Beijing, Tokyo, Harbin
Having said that, I really do like winter. For a kid from the tropics, give me the four seasons anytime! The newness of spring, the happiness of summer, the colours of autumn and the dressing up in winter.
So, I land in Beijing and by the time I clear immigration and pick my bags, it is 7am before I am in a taxi to the hotel. I look out of the window and….. no snow. Not one slice of white anywhere. It should be about minus two by 7am and by 9am, it is about 2C. But no snow. Some of the drains and lakes enroute were clearly frozen, but no snow. It is in times like that you realise that Beijing is one of the driest cities in the world. Not enough humidity for snow.
In that trip, I visited with some key officials in the CBRC (the banking regulators in Beijing) and the China Banking Association and had lunches and dinners with people who were being moved around.
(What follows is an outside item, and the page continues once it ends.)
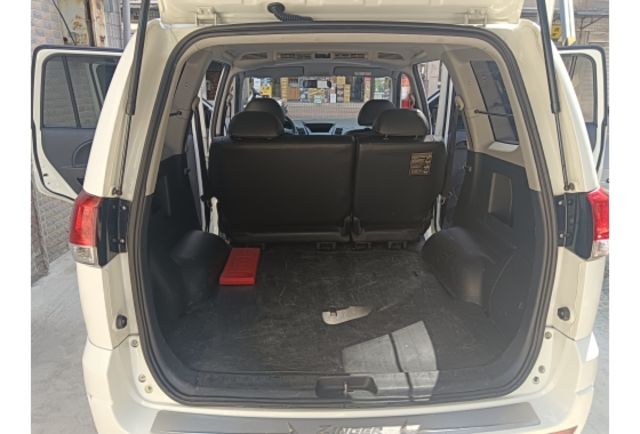 MITSUBISHI ZINGER 2017年2400cc  第15張相片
One month later, on January 31, I go to Beijing and Shanghai again for meetings with clients and to interview potential new staff, and again there is no snow. By this time, in the US, there is already a blizzard, delayed but welcome because of freakish December. But Beijing was doing a nice 12 degrees.
I then go to Tokyo to interview with Hiroshi Saito, the president of Mizuho Corporate Bank, as well as the CFO of Auzora Bank to find out if they were happy with their IPO (we had made some comments in our weekly Perspectives sent out every Monday that the Japanese banks are not getting nearly as much interest for their IPOs as the Chinese banks!). Saito only travels abroad about 6-7 times a year, and so a visit from someone like me is very much welcome for him. Mizuho is looking at China and India very closely, and will be making investments in these countries (you may wish to read the text of my interview with him on our main website).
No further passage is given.